The recruiting push is largely a result of the recent recession, which drove banks to tighten lending standards, and made it tougher for buyers to get the financing they need to buy franchises. Athletes bring lots of capital to the table, as well as strong marketing power—an attractive mix for franchisers. On the job, players can be good leaders and motivators, and are used to working within a team and “following a playbook,” says John Rotche, president of Title Boxing Club, which has screened more than 30 athletes this year who are interested in becoming franchisees.

Many athletes face steep learning curve. Some, in fact, can’t make the transition: Although franchises are reluctant to give examples, they say some big names have flopped at running outlets. So, chains insist that athletes or their management teams are rigorously trained and vetted, the same as any other prospective owner.

Papa John’s says it has four current or former athletes as franchisees—Mr. Manning, Mr. Mashburn, James Atkins and Jerome Bettis —and collectively they run around 70 of the company’s pizzerias. The company required all of the players, or their business advisers, to attend the same training sessions as other owners, including an in-person visit to corporate headquarters plus a two-week business-management overview.

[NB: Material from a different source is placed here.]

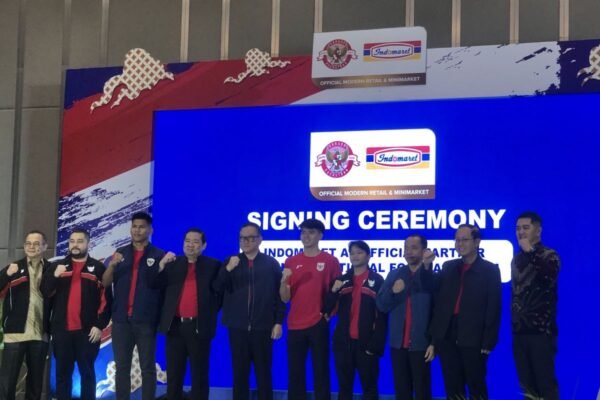 Indomaret Kolaborasi dengan Timnas untuk Peluncuran Jersey Eksklusif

Players can also get help outside of individual franchises. The Professional Athlete Franchise Initiative, a program of the International Franchise Association that helps players transition into a post-sports career, is piloting a program where athletes get mentored by successful franchisees and complete a yearlong business-education course and brief apprenticeship. The biggest challenge is to better manage the athletes’ expectations.

Time in the Field 

Brandon Gorin, a two-time Super Bowl champ, spent several months in 2010 meeting with mentors before he settled on the idea that franchising would be the best opportunity for him. He was attracted to having a team behind him and not having to do a lot of creating himself or moving around. He settled on Marco’s Pizza—in part because a friend’s brother owned a location—and now owns four shops.

Mr. Gorin found he had certain skills that made for an easy match, including time management and appreciating an organization’s structure. He can also lend his star power to the brand; he helps oversee expansion and development in the Indianapolis region, so he goes to support new owners during openings. He acknowledges that there were difficulties, including making his own decisions and moving the company forward as its leader.